Only a nut would sue for $35. Banks count on that when they boost overdraft fees through a technique known as “debit resequencing.” The 2010 changes in banking law that were part of Dodd-Frank have failed to kill the practice. It persists even after a $35 million class-action settlement over Union bank excessive overdraft fees in 2011. One of the banks’ newer schemes to keep this revenue source producing has been to force consumers out of class-action lawsuits and into costly individual arbitration. Only a nut would arbitrate over $35.

Debit resequencing allows banks to post checks and ATM withdrawals not in chronological order, but in a way that maximizes overdraft charges. Overdraft charges make big money for banks. According to research published by the Consumer Financial Protection Board (CFPB), JP Morgan made $1.9 billion from overdraft charges in 2016, Wells Fargo made $1.8 billion, and Bank of America made $1.7 billion. Consumers paid $17 billion in overdraft and NSF fees in 2015.

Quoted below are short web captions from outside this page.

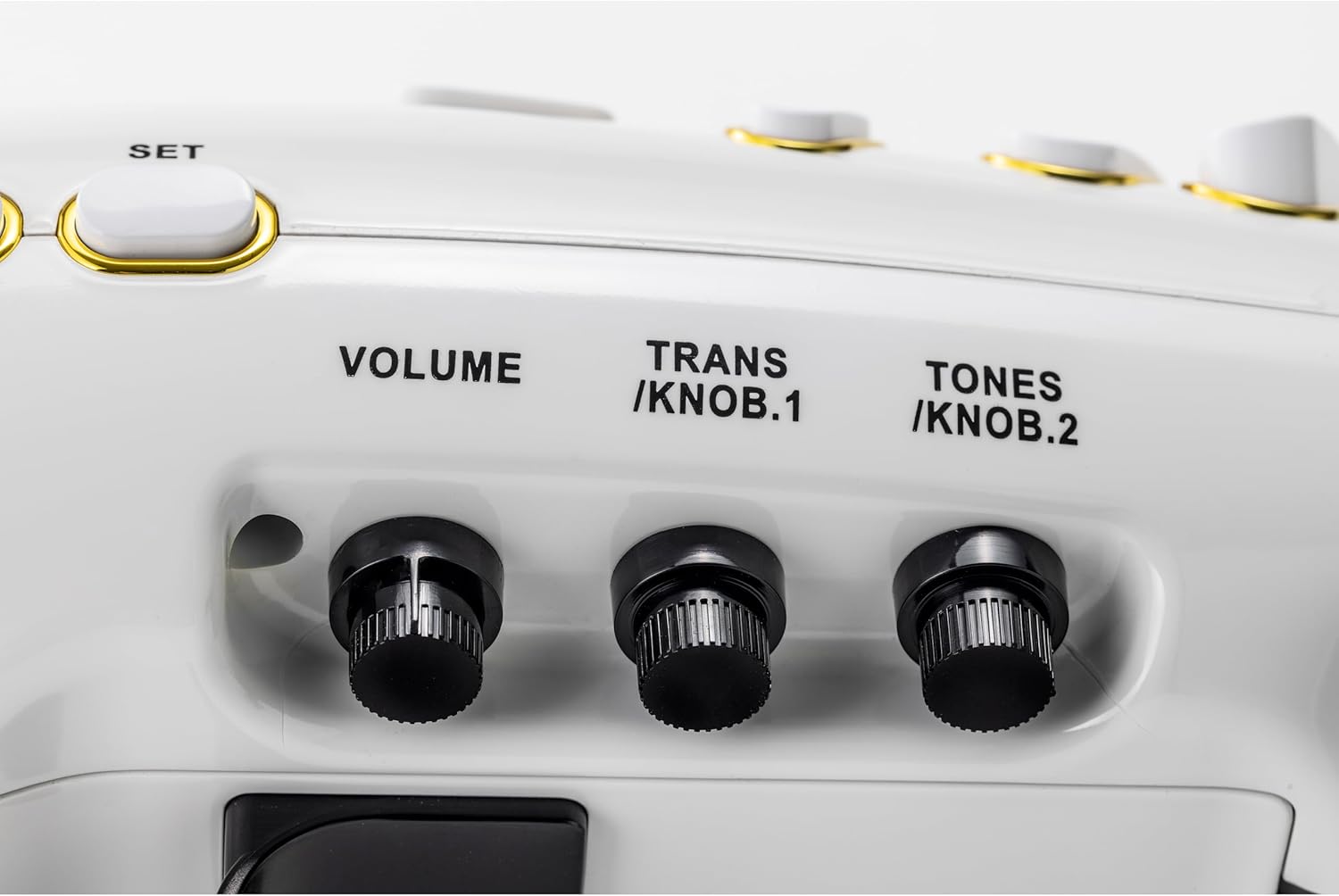 Elesa Electronic Saxophone, Digital Wind Instrument, Bluetooth (White)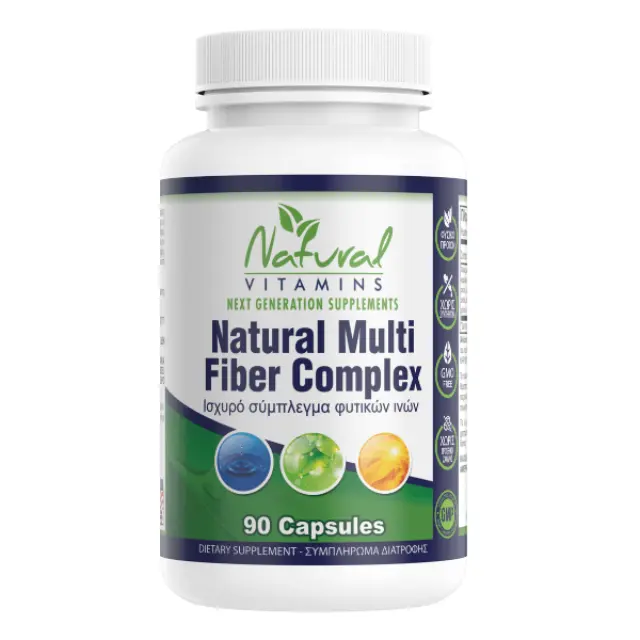 Natural Vitamins Natural Multi Fiber Complex, Ισχυρό Σύμπλεγμα Φυτικών Ινών 90caps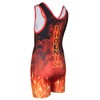 Wrestling Singlet por KO Deportes Gear: Phoenix diseño, black orange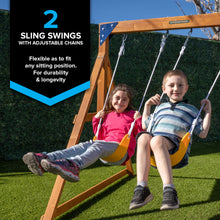 Load image into Gallery viewer, North Peak Wooden Swing Set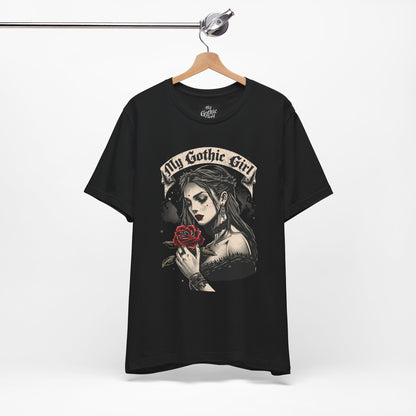 My Gothic Girl - Dark Rose Queen Graphic T Shirt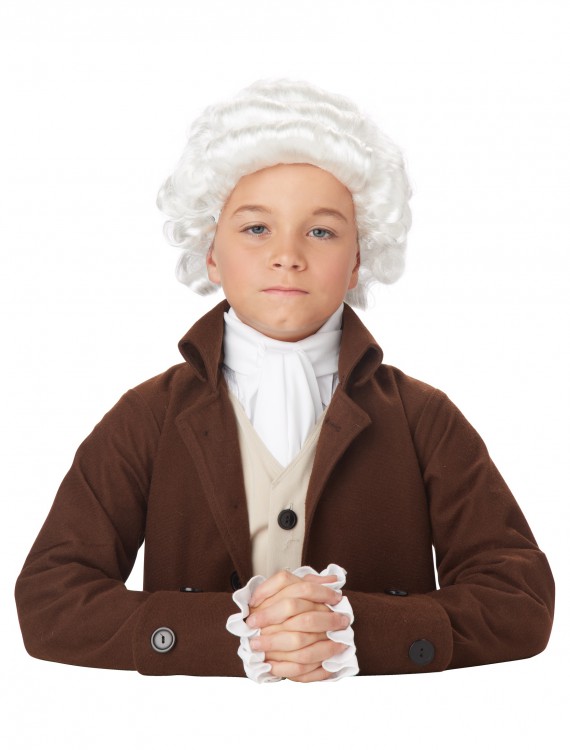 Child Colonial Man Wig buy now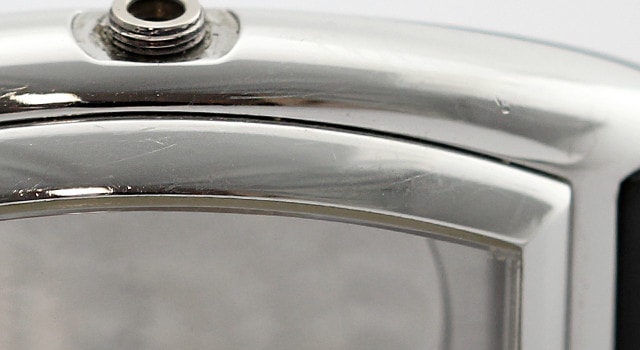 フランクミュラーの時計のベゼルをポリッシュ加工で綺麗にした例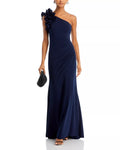 Vibrant Mermaid One Shoulder Sleeveless Ruched Back Floor Length For Ladies Prom Dress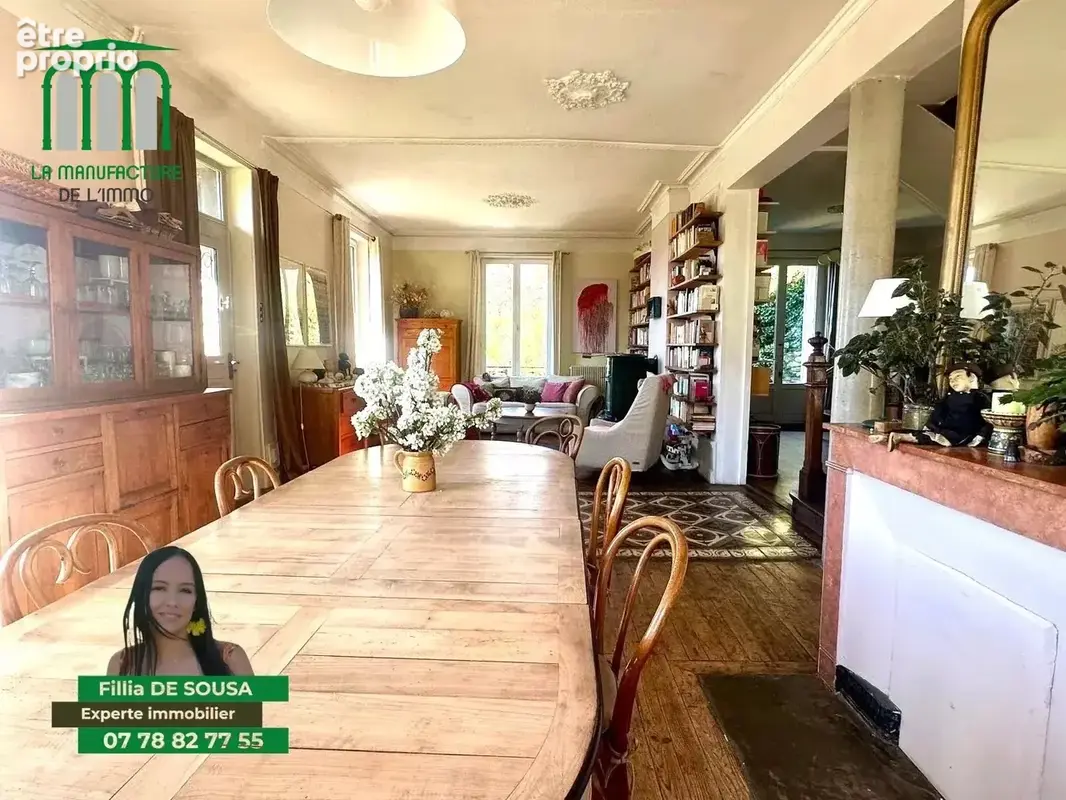 Maison bourgeoise de 1906 - 297.93 m² habitables - parcelle de terrain de 2480 m²- secteur Cotatay / La Pouratt'e - photo 8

That kind of profit potential may make the risk of a lawsuit seem cynically reasonable, even if debit card manipulation cuts close to the law. It would not be such a hard business question, though, if plaintiffs could not afford to get to court by means of a class-action lawsuit but had to arbitrate as individuals. For the bank, the strategy adds up because only a nut would arbitrate over the relatively small, though personally painful, expense that overdraft fees represent.

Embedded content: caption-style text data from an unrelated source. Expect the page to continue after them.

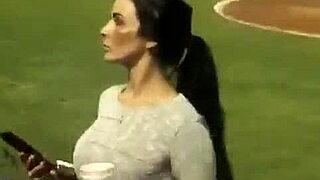 i love watching that milf's sexy ass shake in leggings at the stadium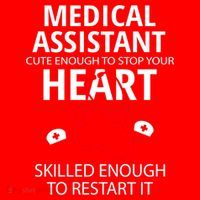 Funny Medical Assistant Pcp Health Care Gift Santa Hat thumb 1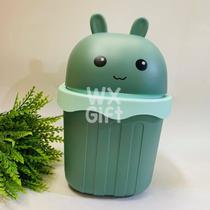 Mini Lixeira Bichinho Super Fofa com Adesivo - Interponte / WX Gift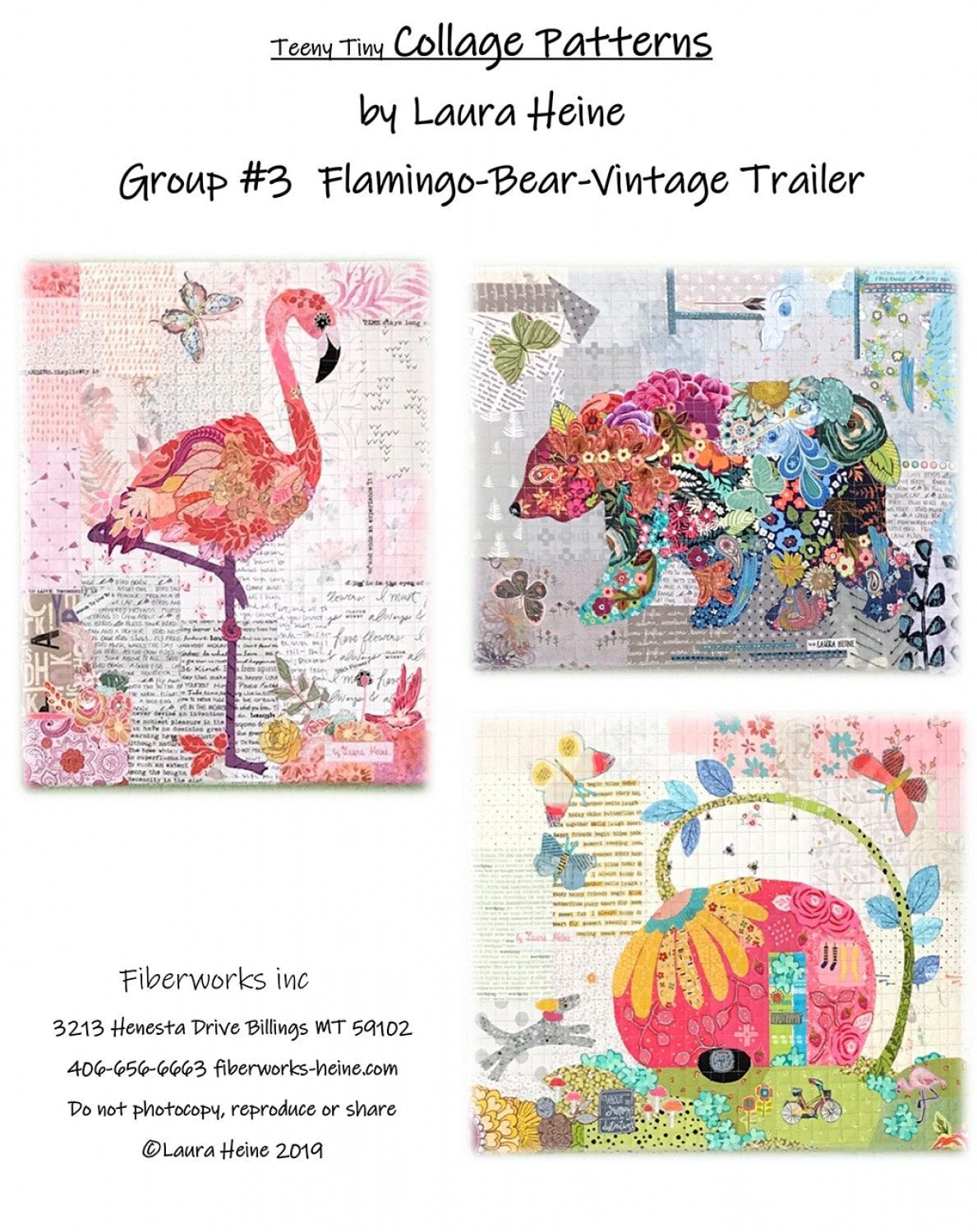 Laura Heine- Teeny Tiny Collage Patterns Group 3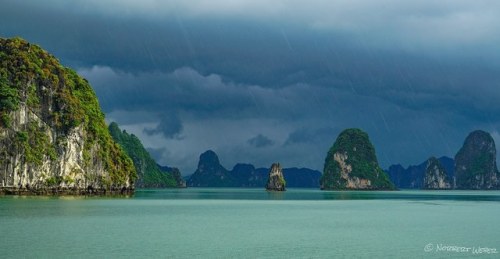 Sun and rain… the monsoon creates perfect light in the Halong Bay, Vietnam by goessmuehle htt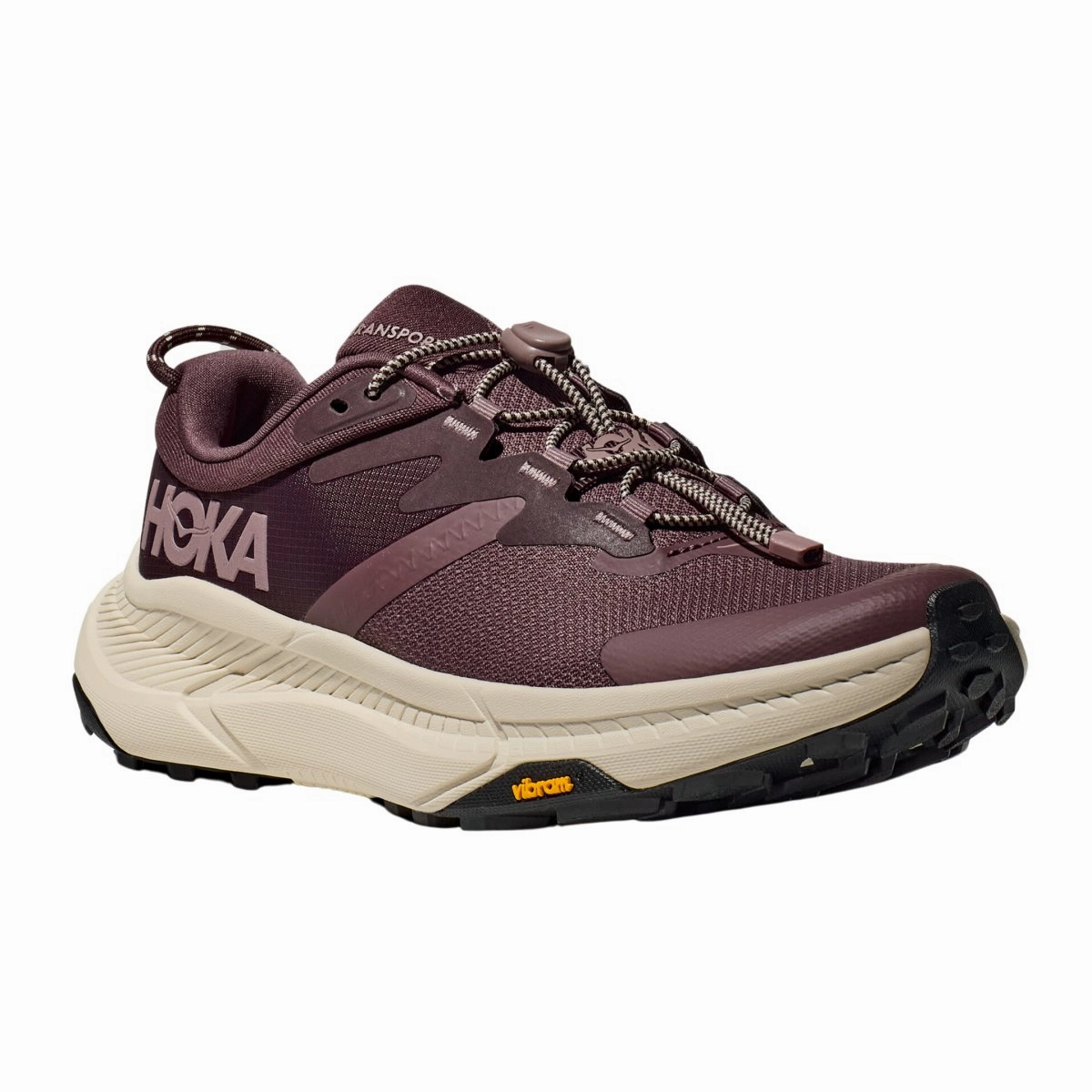 Bounce Back Midsole Hoka One One Women's Transport Smoky Quartz/Oat Milk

That, in any event, appears to have been Wells Fargo’s plan in Gutierrez v. Wells Fargo. Five depositors sued the bank in 2008, claiming they were charged excessive overdraft fees through debit resequencing. The District Court found that the bank’s Consumer Account Agreement, which checking account customers were required to sign, was both difficult for consumers to understand and misleading. The CFPB has previously taken action against TCF Bank and Santander Bank for similarly tricking customers into signing up for overdraft fees.

The argument that depositors should arbitrate in lieu of suing as class-action plaintiffs appears to be something of an afterthought, and was not well-received by the Eleventh Circuit Court of Appeals principally because of the procedural history of the case.

If the bank wins, all bets are off for the checking account customers. If the bank loses, it might face a payout of more than $1 billion. This is a number that might change the risk/reward calculus for banks and make a big difference for checking account holders.